## BRIEF
Look through the data below for the line with "Продажа на аукционе", and transcribe it exactly together with each line after it up to and including the line with "5th image of 3015 W Heroy Ave". Give nothing else.

[Web page caption snippets]
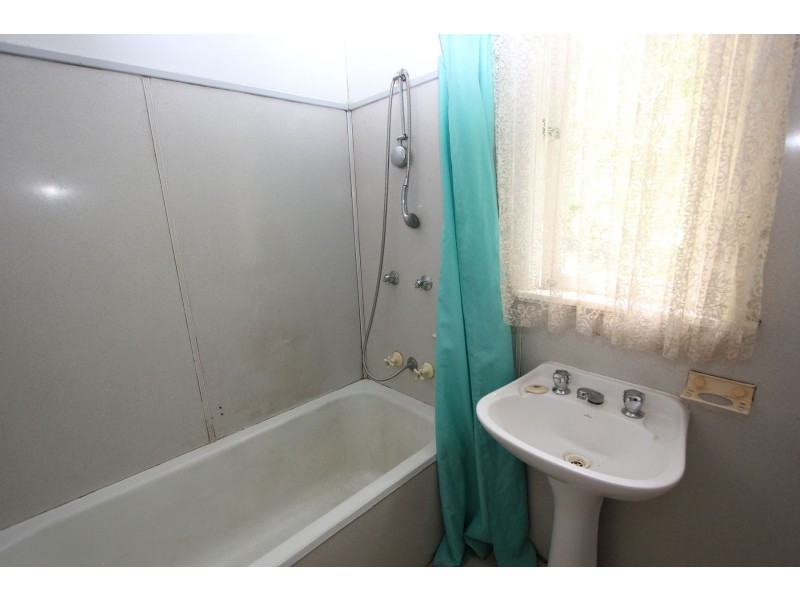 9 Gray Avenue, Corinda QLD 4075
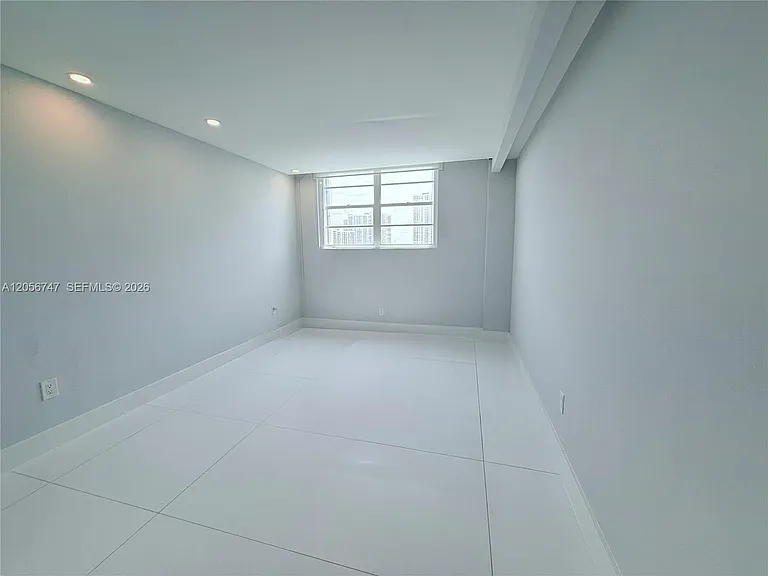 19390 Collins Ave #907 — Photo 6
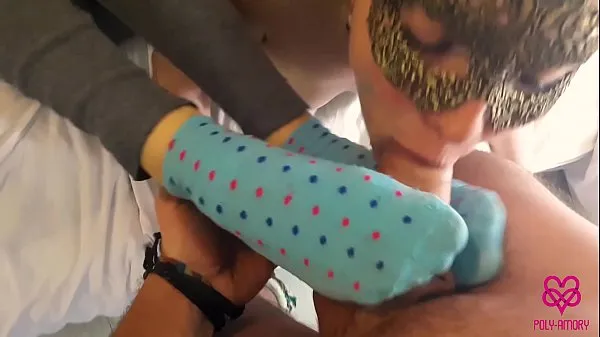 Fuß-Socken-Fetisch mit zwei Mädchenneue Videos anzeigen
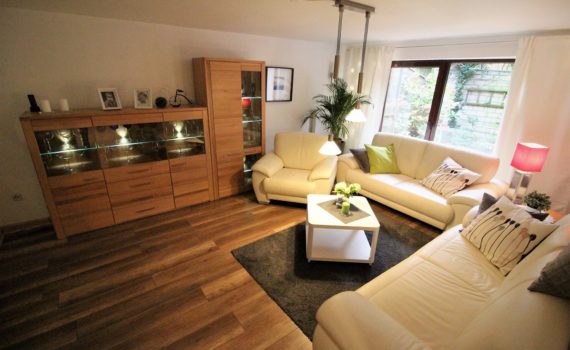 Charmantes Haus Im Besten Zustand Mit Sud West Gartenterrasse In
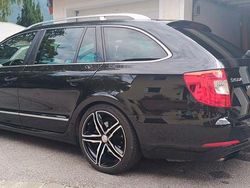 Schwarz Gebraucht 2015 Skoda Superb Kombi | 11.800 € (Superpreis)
==
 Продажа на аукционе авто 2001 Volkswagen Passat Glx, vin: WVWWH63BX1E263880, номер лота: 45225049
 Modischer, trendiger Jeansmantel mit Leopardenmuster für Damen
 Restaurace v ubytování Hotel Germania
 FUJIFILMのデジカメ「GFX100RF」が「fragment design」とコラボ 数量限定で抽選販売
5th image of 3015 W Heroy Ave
...
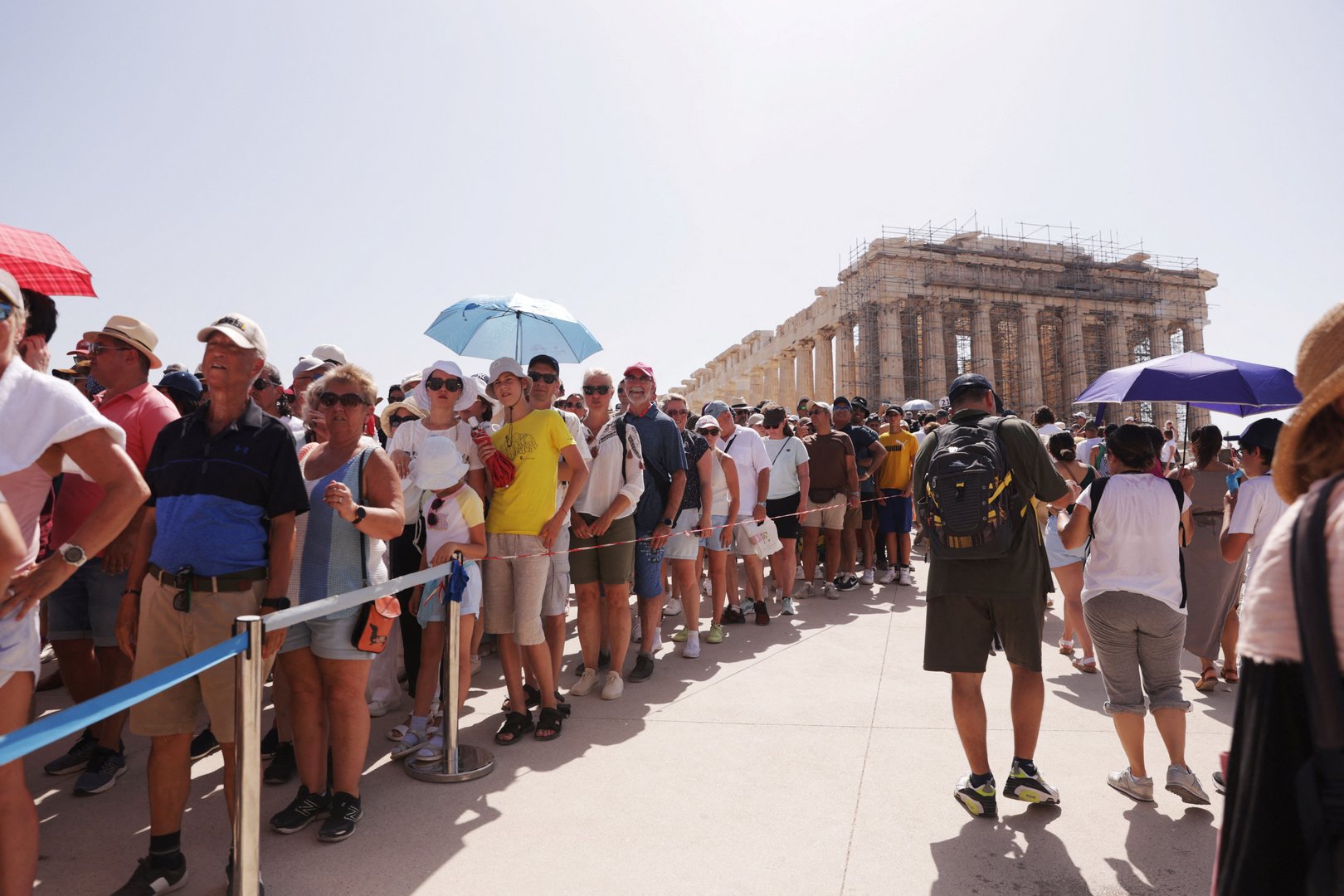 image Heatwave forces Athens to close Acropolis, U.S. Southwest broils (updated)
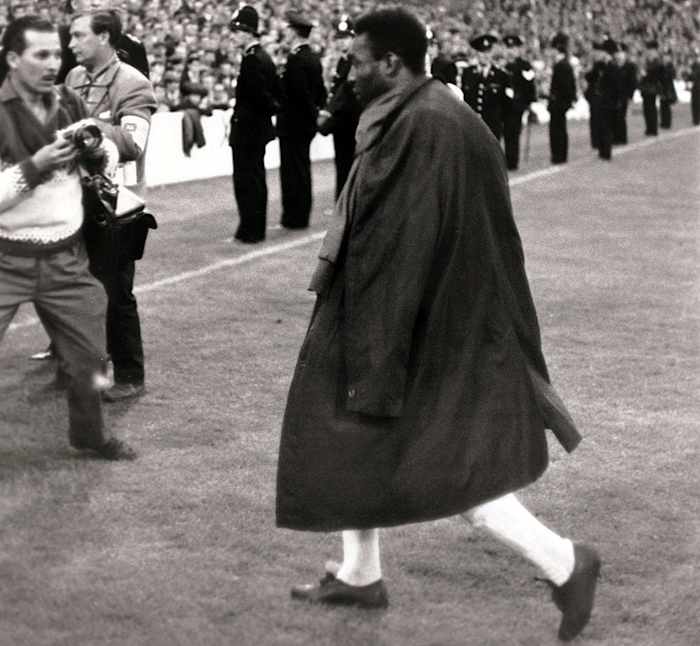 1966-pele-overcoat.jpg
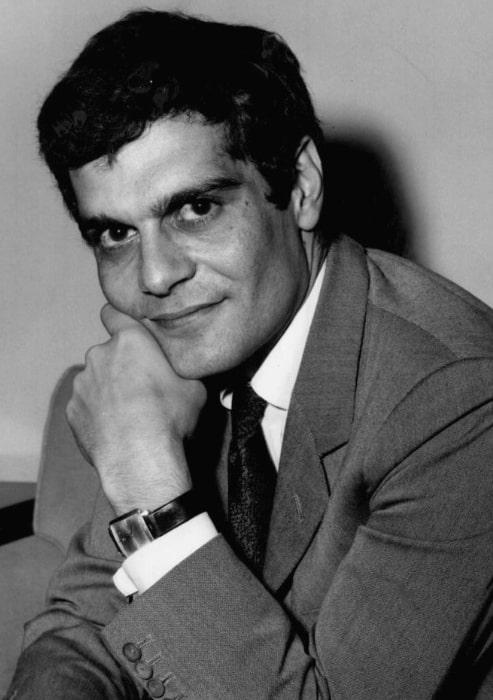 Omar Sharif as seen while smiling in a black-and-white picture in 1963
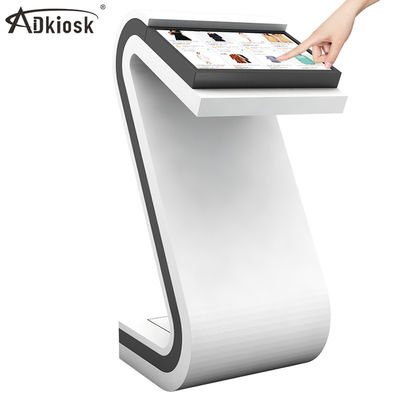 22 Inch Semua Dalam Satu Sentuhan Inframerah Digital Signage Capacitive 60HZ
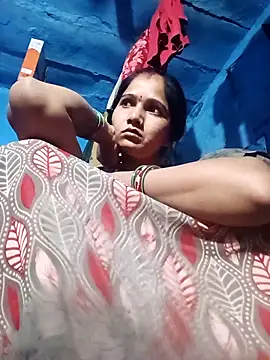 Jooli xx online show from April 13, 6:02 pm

## YOUR SOLUTION
 Продажа на аукционе авто 2001 Volkswagen Passat Glx, vin: WVWWH63BX1E263880, номер лота: 45225049
 Modischer, trendiger Jeansmantel mit Leopardenmuster für Damen
 Restaurace v ubytování Hotel Germania
 FUJIFILMのデジカメ「GFX100RF」が「fragment design」とコラボ 数量限定で抽選販売
5th image of 3015 W Heroy Ave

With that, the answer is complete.